▶ **About this exercise**
Could you restate, exactly and with nothing added, the lines from the start of the data through the line that holds "Tria Carita Yüzük", leaving the pictures out?
Start of Data for this task
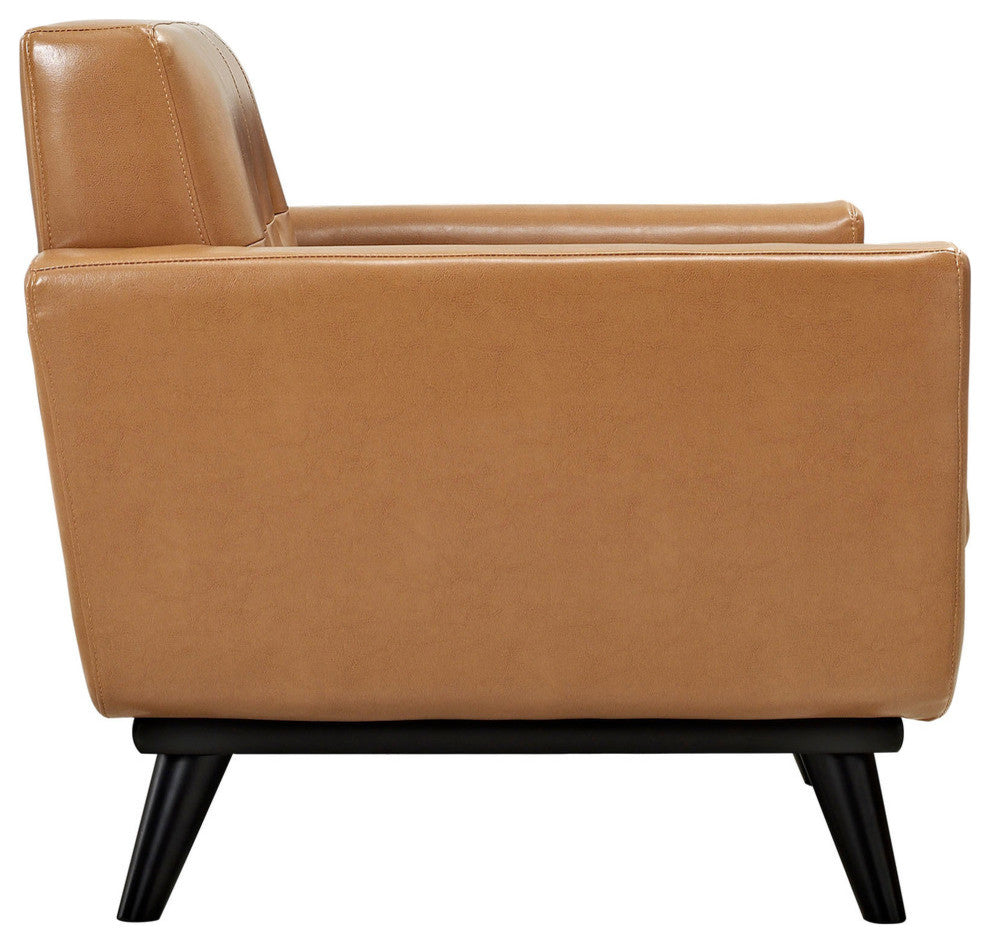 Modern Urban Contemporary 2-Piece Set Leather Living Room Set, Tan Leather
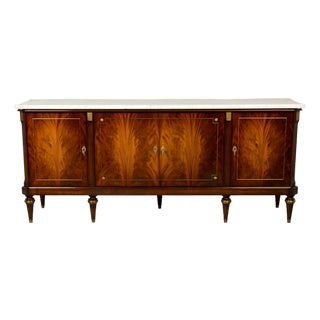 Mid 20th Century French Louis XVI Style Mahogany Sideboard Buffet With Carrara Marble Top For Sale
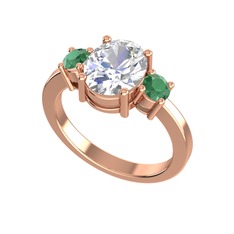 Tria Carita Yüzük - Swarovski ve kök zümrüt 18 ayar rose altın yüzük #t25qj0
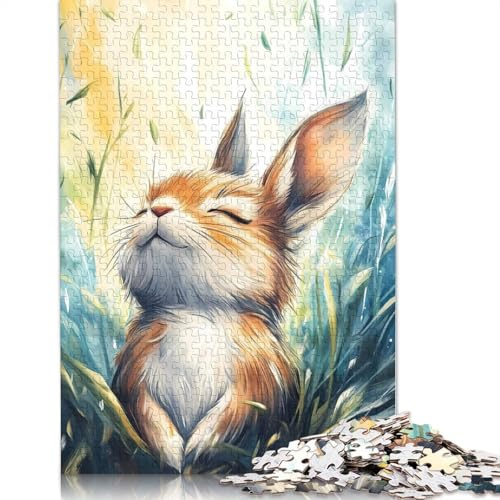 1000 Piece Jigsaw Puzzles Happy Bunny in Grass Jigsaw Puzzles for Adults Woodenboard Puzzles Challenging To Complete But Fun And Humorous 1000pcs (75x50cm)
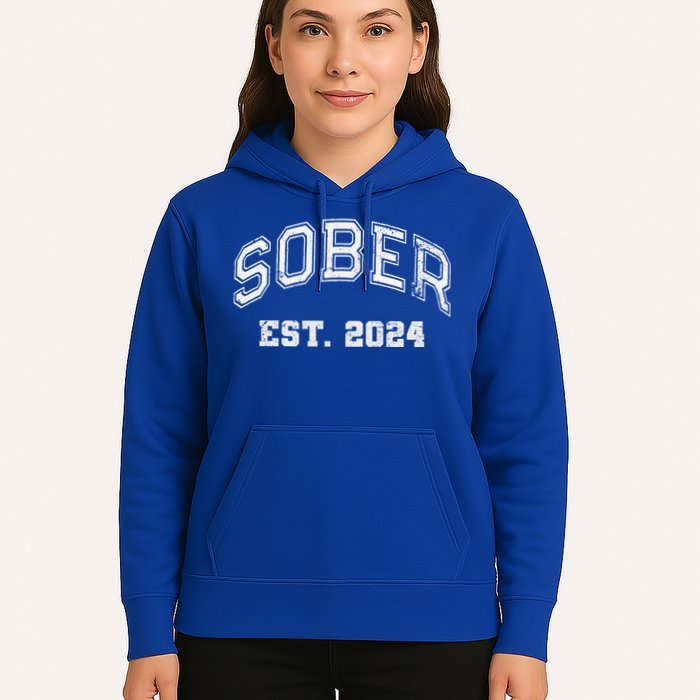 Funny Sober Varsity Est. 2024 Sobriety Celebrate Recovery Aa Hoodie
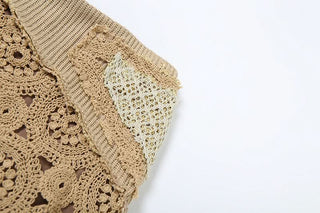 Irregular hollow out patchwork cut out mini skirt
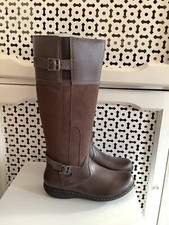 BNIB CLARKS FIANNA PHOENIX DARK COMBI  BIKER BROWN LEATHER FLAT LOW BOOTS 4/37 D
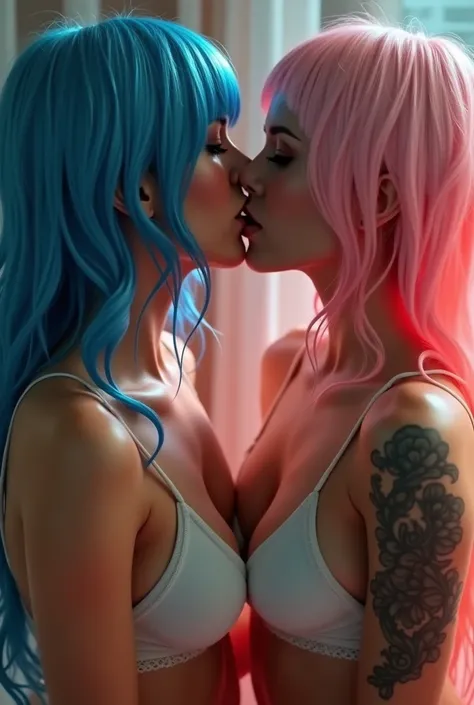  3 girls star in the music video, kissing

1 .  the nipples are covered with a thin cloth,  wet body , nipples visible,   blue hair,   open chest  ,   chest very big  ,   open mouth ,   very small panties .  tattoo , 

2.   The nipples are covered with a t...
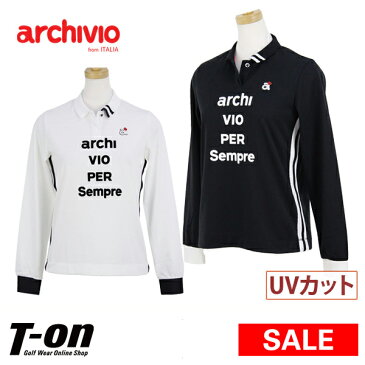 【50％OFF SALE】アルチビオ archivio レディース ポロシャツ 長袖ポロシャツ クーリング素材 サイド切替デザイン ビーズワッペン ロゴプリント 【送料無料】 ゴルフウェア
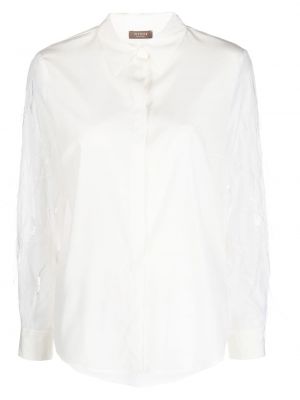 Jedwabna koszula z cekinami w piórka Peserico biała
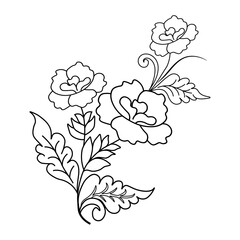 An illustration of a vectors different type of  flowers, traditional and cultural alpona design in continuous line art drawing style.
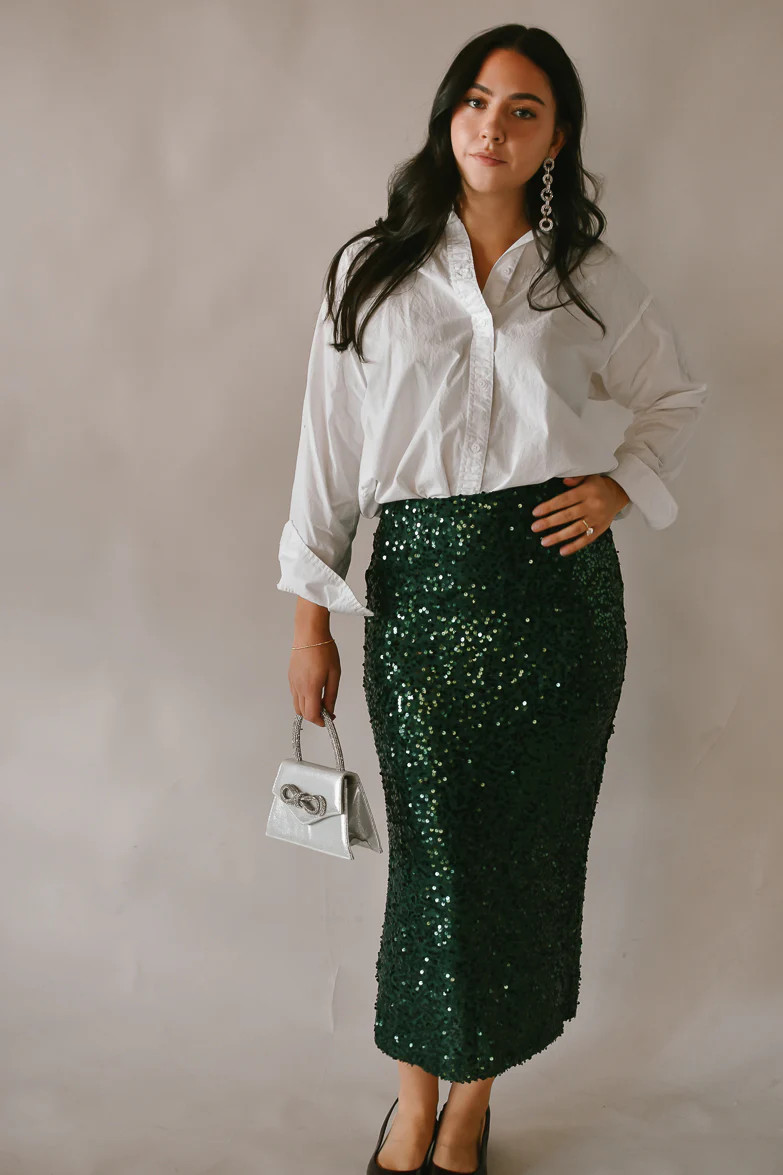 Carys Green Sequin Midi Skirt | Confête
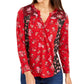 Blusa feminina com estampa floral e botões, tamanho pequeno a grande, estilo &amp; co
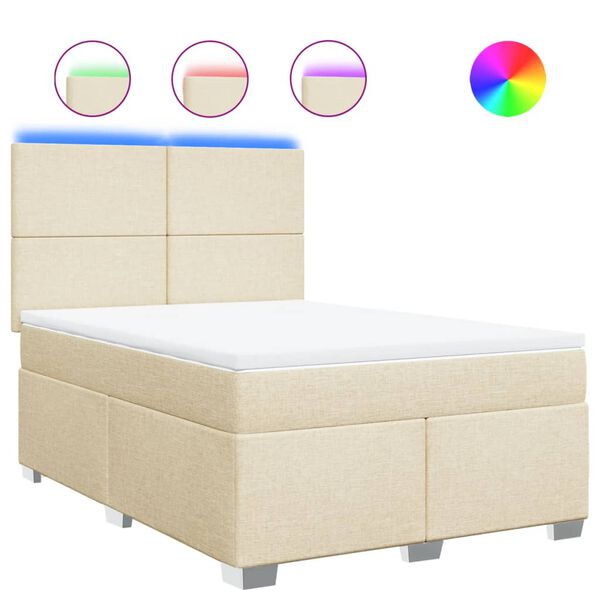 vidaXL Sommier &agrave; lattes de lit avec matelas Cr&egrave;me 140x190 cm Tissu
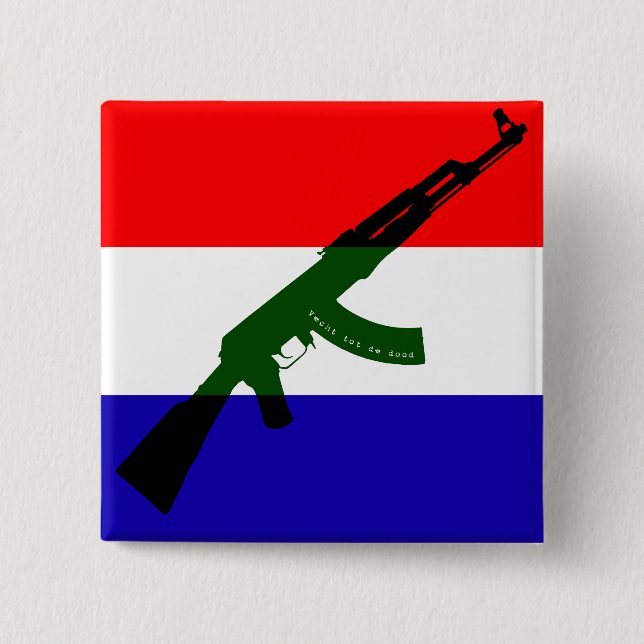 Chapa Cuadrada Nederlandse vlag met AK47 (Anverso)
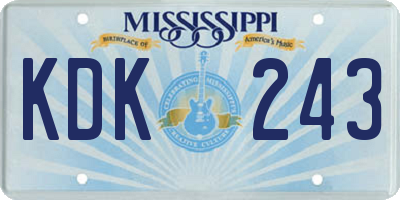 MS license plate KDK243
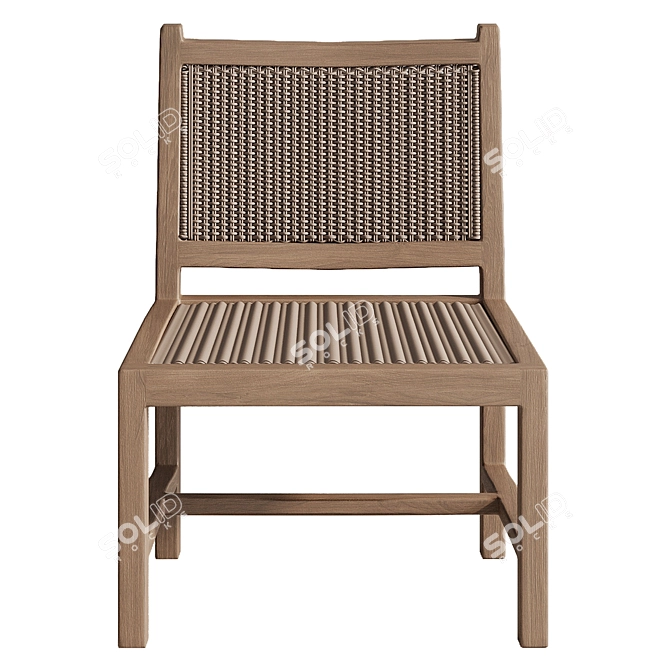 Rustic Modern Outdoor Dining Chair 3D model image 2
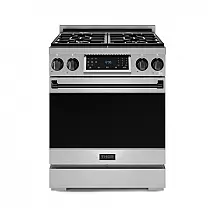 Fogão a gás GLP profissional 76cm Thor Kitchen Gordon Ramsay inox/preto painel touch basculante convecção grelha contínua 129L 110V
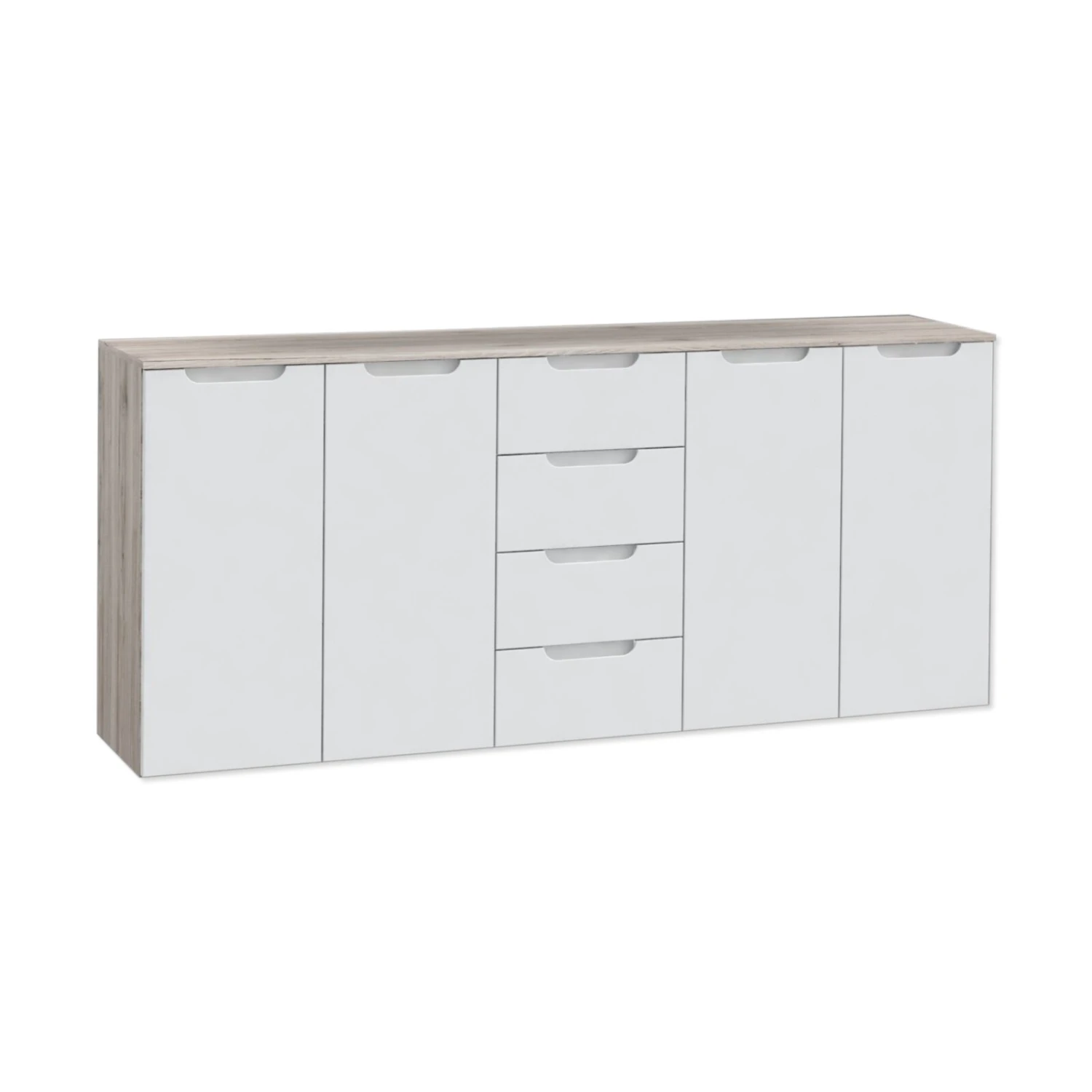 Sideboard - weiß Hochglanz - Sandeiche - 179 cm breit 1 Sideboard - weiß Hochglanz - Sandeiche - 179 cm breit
End of Data for this task
▶ **Exercise response**
 Modern Urban Contemporary 2-Piece Set Leather Living Room Set, Tan Leather
 Mid 20th Century French Louis XVI Style Mahogany Sideboard Buffet With Carrara Marble Top For Sale
 Tria Carita Yüzük - Swarovski ve kök zümrüt 18 ayar rose altın yüzük #t25qj0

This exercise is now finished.